A Glimpse of Columbia Past

Stewart Justman

When an army of Islamists occupied the plaza at the center of the Columbia campus last year, I took it personally, as if my home had been defaced. But the worst of it was the knowledge that behind the occupiers, also celebrating atrocity and crying for the annihilation of Israel, stood many of the Columbia faculty. The classroom itself had been transformed into a mill of antisemitic propaganda. The vision of Columbia University, where I received both a B.A. and a Ph.D., becoming a Hooverville of barbarism and a twisted mockery of itself, has made me reflect on my years there. Ironically enough, I learned to think at the same institution where many of the fanatics on Low Plaza learned their rhetoric.

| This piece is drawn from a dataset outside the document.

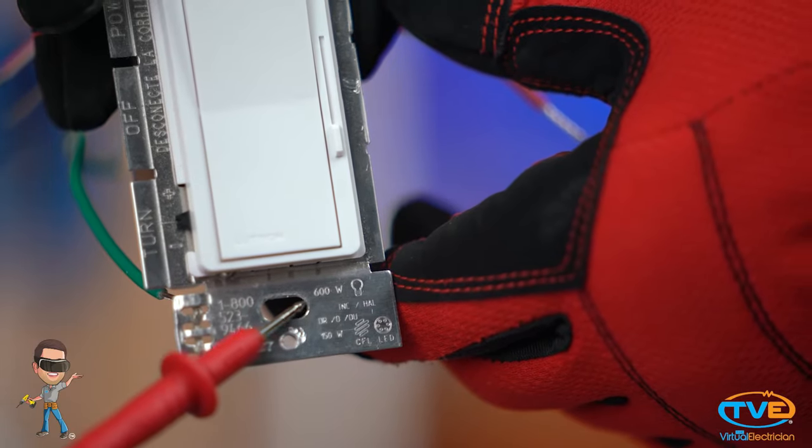Check to see if your light is on a dimmer. If it is, then that may be your problem, especially if you have upgraded your light bulbs recently. Old dimmers are not compatible with LED light bulbs. You have to buy a dimmer that is able to dim LED.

I don’t mean I was preached to, lectured, or harangued about what it means to think. The sort of instruction I received went much deeper than that. By practice and example, not decree, I learned that no conclusion for which I might be arguing was already given. Conclusions need to be established, and in so doing one takes responsibility for them. Perhaps my teachers held freedom of thought as a first principle not only for abstract reasons but because even in the 1960’s the memory of the left’s embrace of Stalinism remained painful and chastening. Partisan Review, the influential journal of the arts and opinion with ties to Columbia, set its course and found its voice only when it declared independence from Moscow in the latter 1930’s. In ways I could not have understood in real time, this history flowed into a course at Columbia that remains with me even now.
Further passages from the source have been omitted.